I politely beg to differ with everything that you've said here:

(1) No 7D2 unless FF, well it could be APS-C or APS-H, why make a 5D3 competitor so soon?

(2) The upcoming firmware 2.0 for the 7D could mean that Canon will retain the 7D1 alongside a new 7D2, just as they kept the 5D2 below the 5D3, (btw if you want n entry-level FF Canon it is now the 5D2)

(3) "The longer Canon waits..." I think just about everyone on this forum would disagree with that statement as everyone is complaining precisely how long Canon makes them wait for everything!1

(4) The $2000 price range will be taken 1st by Nikon - you are presuming that Canon will launch a 7D2 @ $2,000 and not say $2,500 (recent history has shown that Canon has surprised people with their pricing policy e.g. 24-70mm mkII and 5D3 as well as 24mm IS and 28mm IS to name but 4 very recent examples)

(5) So if a 7D2 is ever announced (there will likely be a 7D2 given the immense popularity of the original 7D), "it will be a FF camera" - great that you can be so positive in your conviction, but you simply do not know this, nor do any of us, which is why it is marvelous to speculate. 

The original 7D was the first Canon camera designed effectively by Canon users (5,000 professionals responded to questionnaires, then Canon synthesized the results into what we know today as the 7D) who were asked what they would like to see in a crop camera. In other words, Canon specifically designed the 7D as an additional pro-level (mag alloy + weather sealing, high fps etc.) body that gave photographers some extra 'reach' - even look at the users on this forum, at how many of them have a 7D as a 2nd camera. The 1DX consolidates the 1D series, that leaves the 1D1V vulnerable to be discontinued, that opens a niche for a 7D2.


----------



## unfocused (Jun 10, 2012)

neuroanatomist said:


> It'll get a new AF system so the 19-pt system can go to the 70D. It'll get a higher MP sensor. Some might call those 'killer' but I call them incremental.

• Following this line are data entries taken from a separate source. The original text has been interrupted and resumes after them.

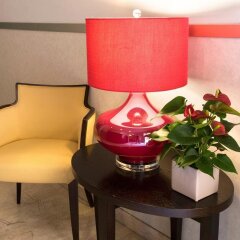 Отель Bellesuite Rome интерьер отеля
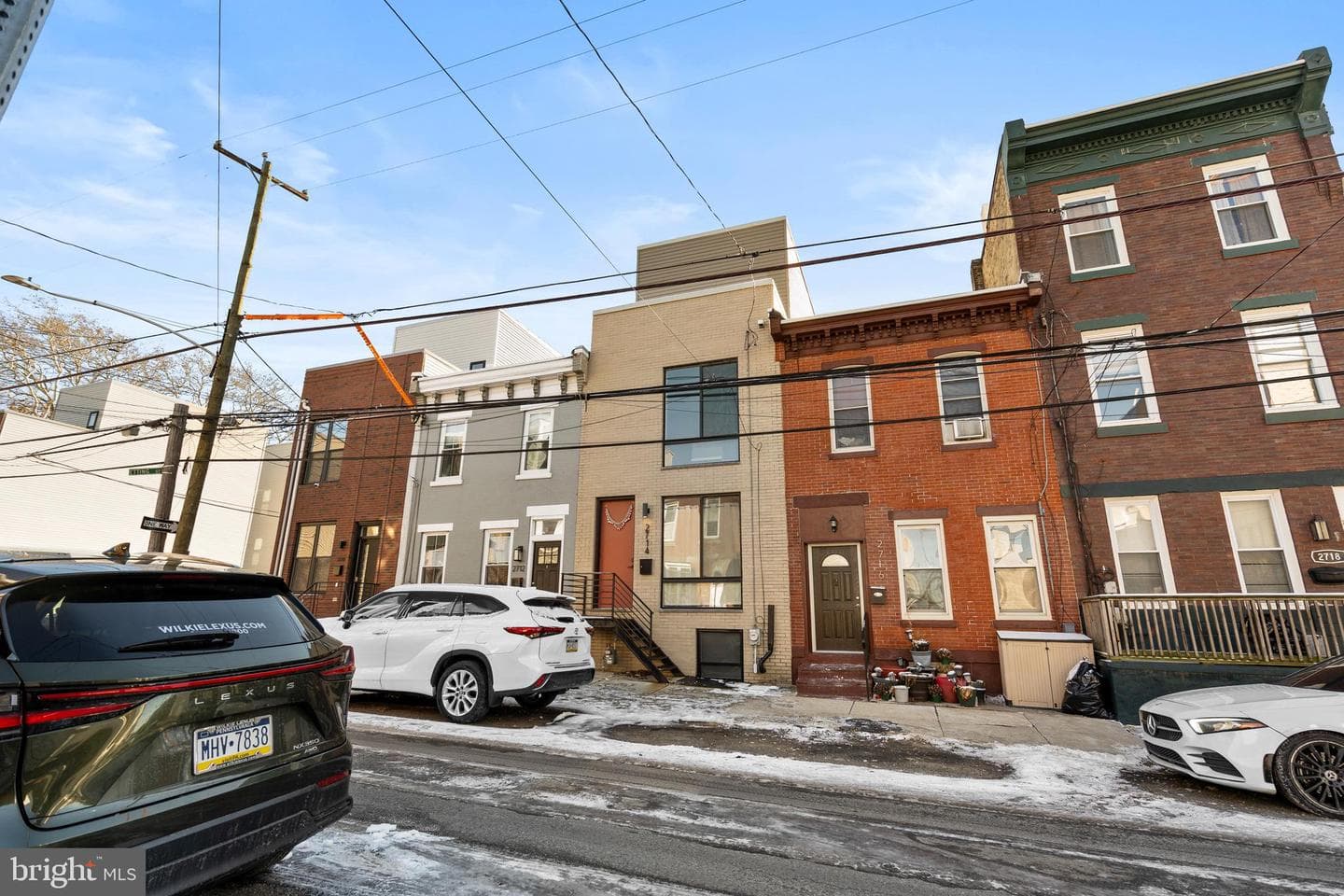 2714 W Jefferson Street, Philadelphia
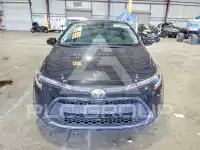 2021 Toyota COROLLA photo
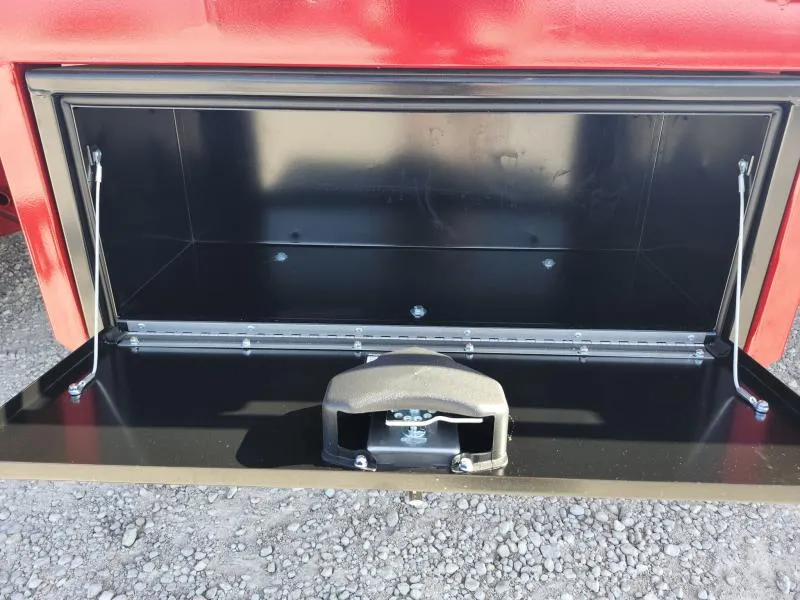 new Equipment / Flatbed Trailers Midsota  for sale, in Arthur, IL Thumbnail 9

Pretty much agree, although given Canon's recent emphasis on ISO over pixels, I could see them keeping the sensor at 18-20 mp and improving the ISO performance slightly. We might see some improvement in weather sealing. I expect a touch-screen on the back but not necessarily a swivel-screen. Maybe live focus in movie mode, like the T4i (Gotta sell more of those new lenses).

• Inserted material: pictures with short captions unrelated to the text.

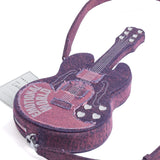 Vintage Heartbreaker Lennon's Guitar Bag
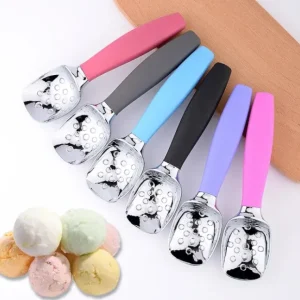 Cherle Ice Cream Scoop - cozylivehome.com | we sell a wide range of comfortable household items* Housewares
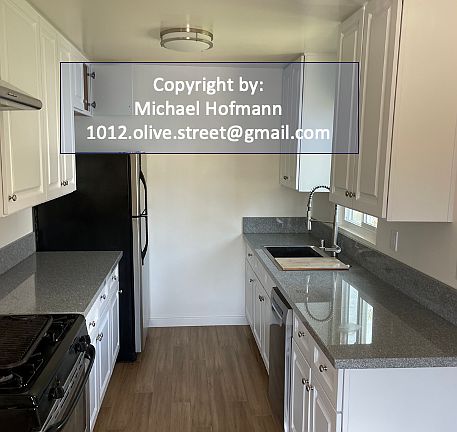 3rd image of 1012 Olive St #C
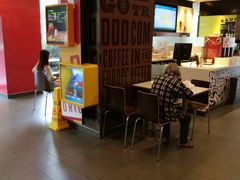 -麦当劳(杭州庆春路店)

Honestly, that's probably enough for me to upgrade as I'd like to have a second body anyway and I'm not at all interested in full frame.


----------



## chasn (Jun 10, 2012)

No way a 7Dii. An acquaintance works for Nikon and he opines ( not an official view but one I suspect reflects official thinking) that the future is mirrorless. He tells me a Canon mirrorless, high end is coming, and the future of the DSLR is pro only. If this is the Nikon view it must be the Canon view and you see Sony, Lumix etx already heavily in this boat. Canon now have the 1DX, the 5 Diii and the 7D all targetted at very different markets all at very different price points. Arguably all the camera types required as things stand at the higher end. I have a 7 D which has the reach, the fps, the off camera flash control, the EF-s lens compatibilty and while it may not be able to take pics in total blackness does OK at £900. A lot of hobbyists concentrate on wildlife and sports so for a serious camera it is perfect - a 7Dii at £1500 I think not. The 5Diii will be the wedding camera and the 1 DX the commercial pro camera. Perfect market segmentation . FF entry I think not also - no hobbyist wants FF ahead of 7D unless they are serious enough to go 5Dii and that like me is as well rather than instead. I am sure many on this forum will not agree but there is my twopennorth


----------



## Marsu42 (Jun 10, 2012)

chasn said:


> No way a 7Dii. An acquaintance works for Nikon and he opines ( not an official view but one I suspect reflects official thinking) that the future is mirrorless. He tells me a Canon mirrorless, high end is coming, and the future of the DSLR is pro only. If this is the Nikon view it must be the Canon view and you see Sony, Lumix etx already heavily in this boat.


I just wrote the same thing in this thread: http://www.canonrumors.com/forum/index.php?topic=7207.0

Many people disagreed, but I have to say the future is so obvious because the only reason to keep the mirror around is the af systems, and once mirrorless af is competitive enough for joe sixpack it's bye bye traditional dslr. Only the pro bodies will keep the mirror for advanced af and because these people won't want to switch to an evf.



chasn said:


> FF entry I think not also - no hobbyist wants FF ahead of 7D unless they are serious enough to go 5Dii and that like me is as well rather than instead.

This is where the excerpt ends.